PostgreSQL vs MySQL?

Matthew Hawkins matthew at topic.com.au
Thu Apr 4 15:16:00 EST 2002


On Thu, 04 Apr 2002, Rasjid Wilcox wrote:
> Quick views on PostgreSQL vs MySQL (or even InterBase?)

MySQL is extremely fast, reliable, and seems to be supported by more
applications.  The biggest downside is not having sub-selects - iirc
they're going to look at that this development cycle.  Despite what
somebody else said, it does have transaction support - you need to use
Berkeley DB or InnoDB table types when you create the table you want
transaction support on.  With the standard tables, for most things you
don't need transactions anyway as operations are atomic (unlike
postgresql which will happily corrupt all your data)

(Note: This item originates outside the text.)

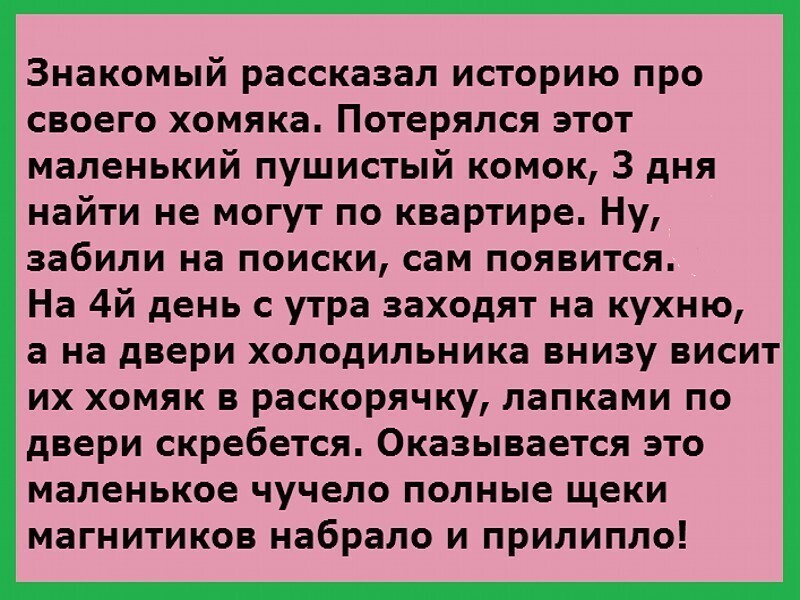 Вечерний калейдоскоп позитива, мысли, о животных и другие смысловые картинки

I haven't used postgresql since 6.3, where launching Office 2000 in
Win2k in vmware running over an encrypted tunnel through a string & 2
tin cans felt a lot faster than it.  That particular problem was
supposed to have been fixed in 7.0 though as I said, I haven't tried.
Apart from it being trivially easy to corrupt all your data and losing
badly against molasses in the speed race, oh, and falling over every 15
minutes or so, the API was quite rich (and, at the time, much more
impressive than MySQL's)

Unless you're going to be DBA, why do you particularly care which one is
used?  Pick one for testing your own development, but if your
application is any good you'll let JDBC abstract the backend DB - and
let the end user decide which flavor headache to get.